### What the task asks
Each record below should be returned word for word, with no pictures included.

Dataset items
• • • • • • •

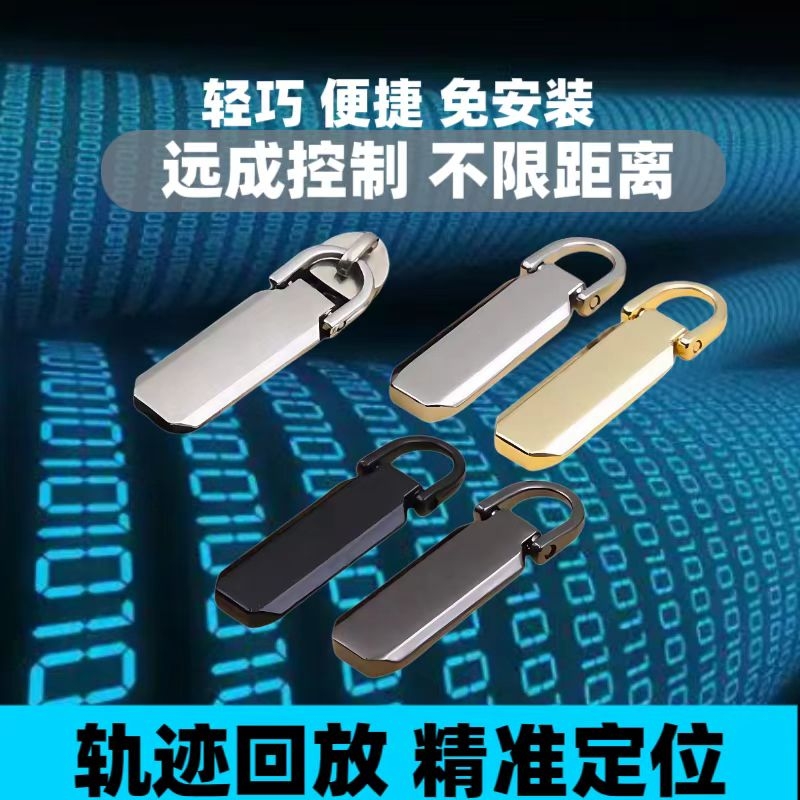 gps定位器汽车追跟踪订位仪监控器用充电车载辆实时防丢防盗j神器
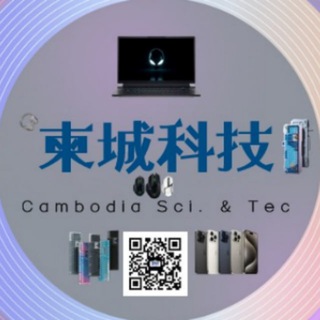 Telegram profile photo for 柬城科技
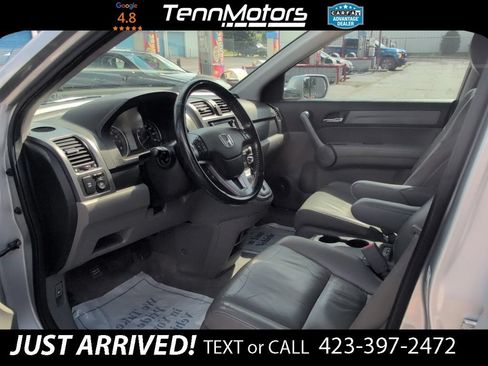 Used 2009 Honda CR-V EX-L image 13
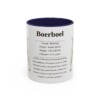 11oz boerboel mug, Navy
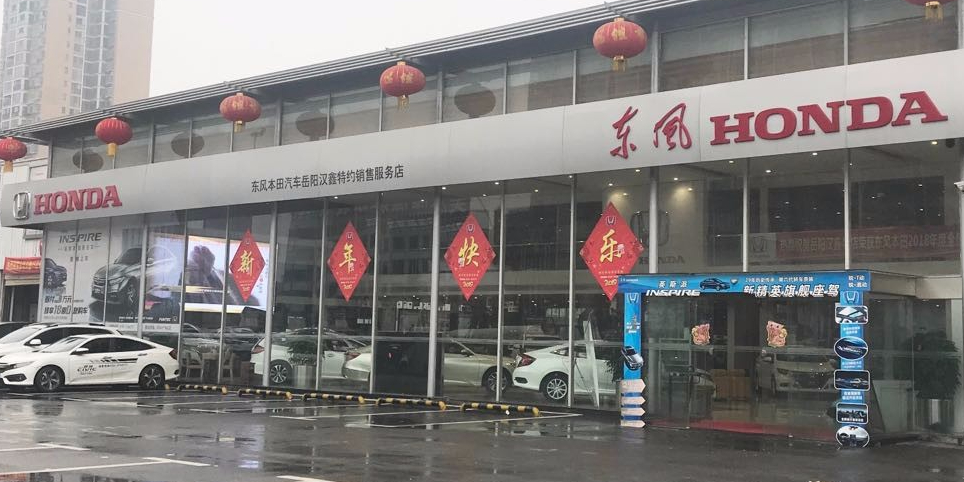 岳阳汉鑫汽车销售服务有限公司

• • • • • • •

### Output of the exercise
 gps定位器汽车追跟踪订位仪监控器用充电车载辆实时防丢防盗j神器
 Telegram profile photo for 柬城科技
 Used 2009 Honda CR-V EX-L image 13
 11oz boerboel mug, Navy
 岳阳汉鑫汽车销售服务有限公司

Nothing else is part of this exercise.